What is your training budget for the year ahead? Have you even thought about it? Do you consider training an expense or an investment? Much of the frustration business owners and managers experience with their employees results from their own failure to train properly.

Work out your training budget based on actual courses that would help your employees perform at an optimal level. Remember you may even be able to recoup some of your investment under the Skills Development Levy.

Consider external training. Allow your employees to gain certification for courses attended rather than simply teaching them the parts (e.g. Excel) they need for the job. Encourage them to consider courses that go beyond the immediate requirements of their jobs to help them widen their perspectives.

Athletes train before they compete, but all too often managers expect subordinates to perform without proper instruction and guidance. Some managers even prefer to use discipline as their management tool. Without training, discipline is ineffective. Discipline should be viewed as the “damage control” part of training, and as insufficient in itself to effect proper behavioural change.

2. Mentor

How much time do you spend helping your employees become better at their jobs? Do you take the time to explain how their contribution links into the bigger picture of what you are trying to achieve?

Business owners are by definition extremely busy and steal moments out of their hectic days to meet with staff, usually about matters that require their immediate attention. Is your diary filled with tasks that could be done in part, or whole, by a subordinate? Delegating some of this work will provide some relief for you and the opportunity for an employee to learn something new. What would be the worst outcome if the job isn’t done correctly? If the risk of disaster is low, delegate immediately, if the risk is relatively high, training and guidance may be necessary. And you’ll make your employee more accountable in the process.

3. Listen

Some bosses like to impart wisdom, but struggle to have two-way conversations. It’s important to take the time to hear other perspectives. Encourage your employees to air their views, give them the opportunity to be heard with dignity and respect.

Ask questions that will help you gain a better appreciation of where an employee is at. Provide informal as well as formal spaces in which they can share. Quietly spoken employees are often the most observant.
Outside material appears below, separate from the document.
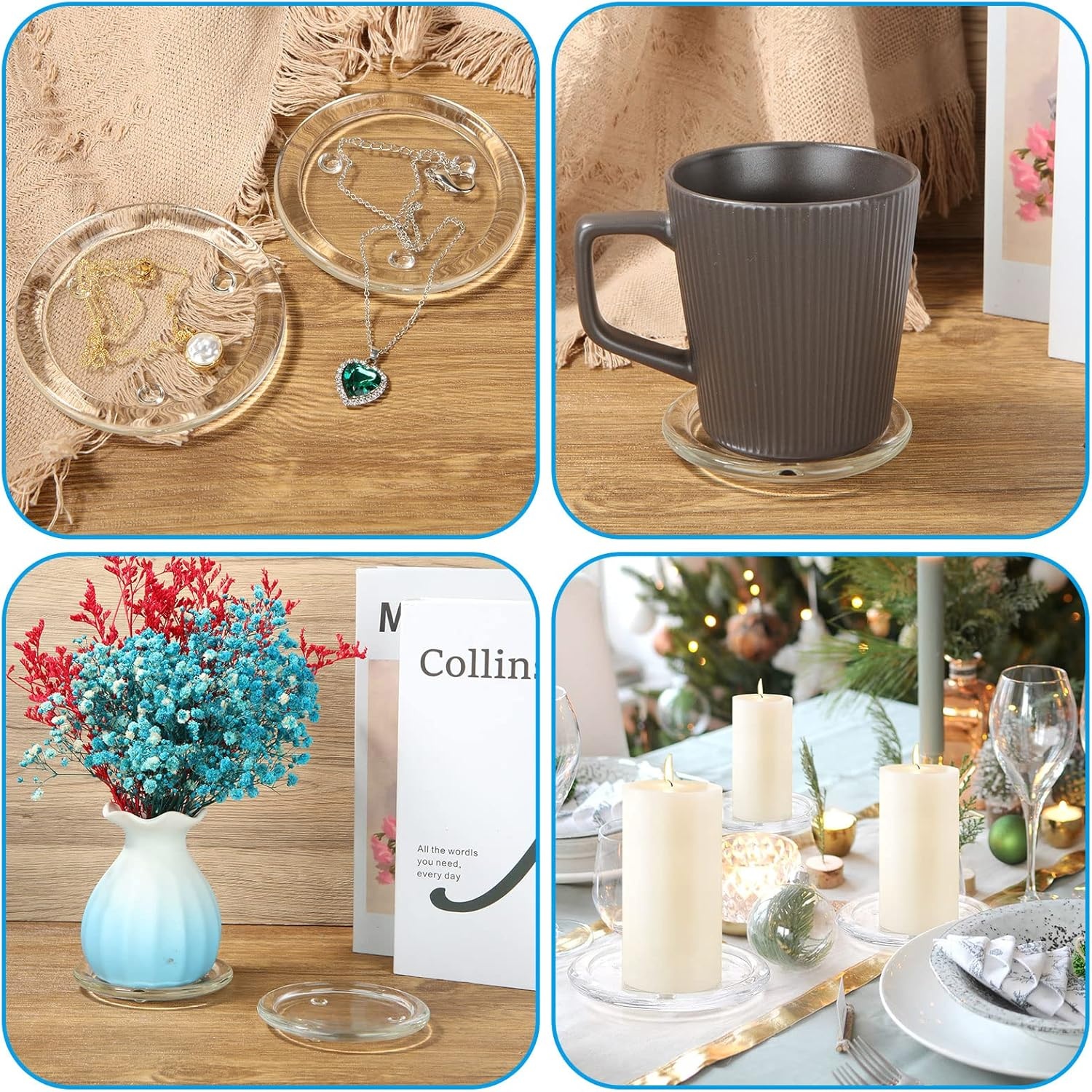 Transparante onderzetters, glazen voor kaarsen (16 stuks), kaarsenhouder, stompkaarsen, ideaal voor spa-decoraties, bruiloften, feesten, woondecoratie, tafeldecoratie en geschenken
Don’t just assume that your employees understand your instructions. And asking if they understand isn’t the solution. Instead ask them to explain the process back to you, to give examples of how they’d apply it, and to consider what the possible ramifications of their suggestions could be, etc. And yes, you can expect this to all take some time…

4. Acknowledge

I had a client who called all his employees “buddy”. Many of them had been with him for years and assumed he didn’t know their names, couldn’t remember them or didn’t know how to pronounce them. Learn the names of all your employees and pronounce them properly the effort will be appreciated.

A survey conducted for another client, showed that his employees wished he would take the time to greet them when he saw them. He usually just nodded as he passed.

What do you know about your employees? Are they married? Do they have children? Do they play a musical instrument? Are they active in sport? Take an interest. Be consistent throughout. People like to know where the lines are and what the consequence of crossing them will be. Be aware of each person’s contribution and acknowledge this.

5. Reward

Regular performance discussions are essential. Develop ways to measure the key contributions each employee is expected to make and reward them when these are achieved. Differentiate between solid and poor performers.

Create short-term incentives to encourage the results and behaviour you want in the workplace. Keep the piece of string short with these incentives – if you tug on the end, you should be able to see what you’re pulling. And let employees know what they are striving for in terms of incentives.

Rewards need not merely take the form of cash. Consider the products that you can readily access at reduced cost, but which would be deemed of greater value to an employee. A meal for two at a fancy restaurant, perhaps with a limousine thrown in… Remember that not all people will regard the same rewards in the same light. Be resourceful and find out what would really mean a lot to your employees.

Great bosses are constantly learning, improving, leading and guiding, and their staff love them for it.